# Metadata Validator
This jupyter notebook is to faciliate development of a gen3 metadata validation script

***

### General Idea
1. Load metadata into a python object 
    - class for loading and storing metadata
    - define input folder, reads in .json, _*.json and dataImportOrder.txt into an accessible object
1. Load schema into a python object 
    - class Loads bundled json and also splits yamls from bundled json into accessible splits
1. 

***

# Perplexity help
- [link to chat](https://www.perplexity.ai/search/lets-say-I-erdZUVAOQ_SgDnHh_3meWA)


To handle a scenario where your `bundled.json` file contains a `_definitions.yaml` file, and some of the YAML schemas in the `bundled.json` link to `_definitions.yaml` for common definitions, you need to ensure that your JSON Schema validator can resolve these references correctly. Here’s how you can achieve this using Python:

### Steps to Validate `metadata.json` Against a Schema with External Definitions

1. **Load and Parse YAML Files**: Load and parse the `_definitions.yaml` and other YAML schemas from the `bundled.json` file.
2. **Resolve References**: Ensure that references to definitions in `_definitions.yaml` are correctly resolved.
3. **Validate the JSON Data**: Use a JSON Schema validator to validate the `metadata.json` file against the resolved schema.

### Example Using Python

Here’s a step-by-step guide using Python, `jsonschema`, and `pyyaml` libraries:

1. **Install Required Libraries**:
   ```bash
   pip install jsonschema pyyaml
   ```

2. **Load and Parse YAML Files**:
   ```python
   import yaml
   import json
   from jsonschema import validate, RefResolver, ValidationError

   # Load the bundled JSON file containing multiple YAML schemas
   with open('bundled.json', 'r') as bundled_file:
       bundled_schemas = json.load(bundled_file)

   # Extract and parse the _definitions.yaml file
   definitions_yaml = bundled_schemas['_definitions.yaml']
   definitions_schema = yaml.safe_load(definitions_yaml)

   # Extract and parse the specific schema that references _definitions.yaml
   specific_schema_yaml = bundled_schemas['specific_schema_key']  # Replace with the actual key
   specific_schema = yaml.safe_load(specific_schema_yaml)
   ```

3. **Resolve References**:
   ```python
   # Create a resolver that includes the definitions
   class CustomRefResolver(RefResolver):
       def resolve_remote(self, uri):
           if uri == 'definitions.yaml':
               return definitions_schema
           return super().resolve_remote(uri)

   resolver = CustomRefResolver.from_schema(specific_schema)
   ```

4. **Validate the JSON Data**:
   ```python
   # Load the metadata JSON file
   with open('metadata.json', 'r') as json_file:
       metadata = json.load(json_file)

   # Validate the metadata against the specific schema with resolved references
   try:
       validate(instance=metadata, schema=specific_schema, resolver=resolver)
       print("Validation successful!")
   except ValidationError as e:
       print(f"Validation error: {e.message}")
   ```

### Detailed Explanation

1. **Load and Parse YAML Files**:
   - Load the `bundled.json` file, which contains multiple YAML schemas.
   - Extract and parse the `_definitions.yaml` file and the specific schema that references it using `yaml.safe_load`.

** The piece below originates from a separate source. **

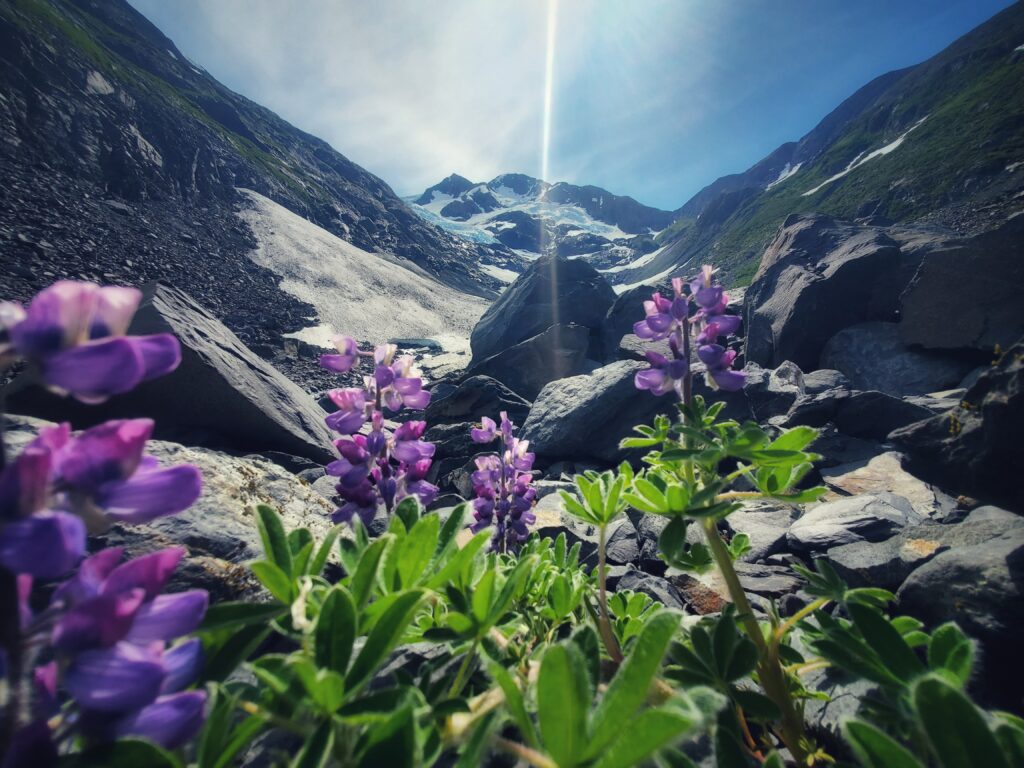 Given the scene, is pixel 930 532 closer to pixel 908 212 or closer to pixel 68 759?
pixel 68 759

2. **Resolve References**:
   - Create a custom `RefResolver` class that overrides the `resolve_remote` method to return the parsed `_definitions.yaml` schema when the reference URI matches.
   - Instantiate the custom resolver with the specific schema.

3. **Validate the JSON Data**:
   - Load the `metadata.json` file.
   - Use the `validate` function from the `jsonschema` library to validate the `metadata.json` data against the specific schema, using the custom resolver to handle references.

### Additional Resources

- **GitHub - Schema Validator**: Provides a utility for validating YAML/JSON files against predefined schemas, including handling nested properties and command-line usage [1].
- **JSON Schema - Getting Started**: Offers a comprehensive guide on creating and using JSON Schema, including defining properties, nesting data structures, and validating JSON data [2].
- **MuleSoft Documentation**: Describes how to use the JSON Schema validator to evaluate JSON payloads at runtime, supporting both local and external schemas [4].
- **Python JSON Schema Documentation**: Explains how to use the `jsonschema` library in Python to validate JSON documents, including handling references and custom resolvers [10][11][14].

By following these steps, you can ensure that your `metadata.json` file is validated against the correct schema, even if it relies on external definitions in `_definitions.yaml`. This approach leverages Python's `jsonschema` library and custom reference resolution to handle complex schema validation scenarios.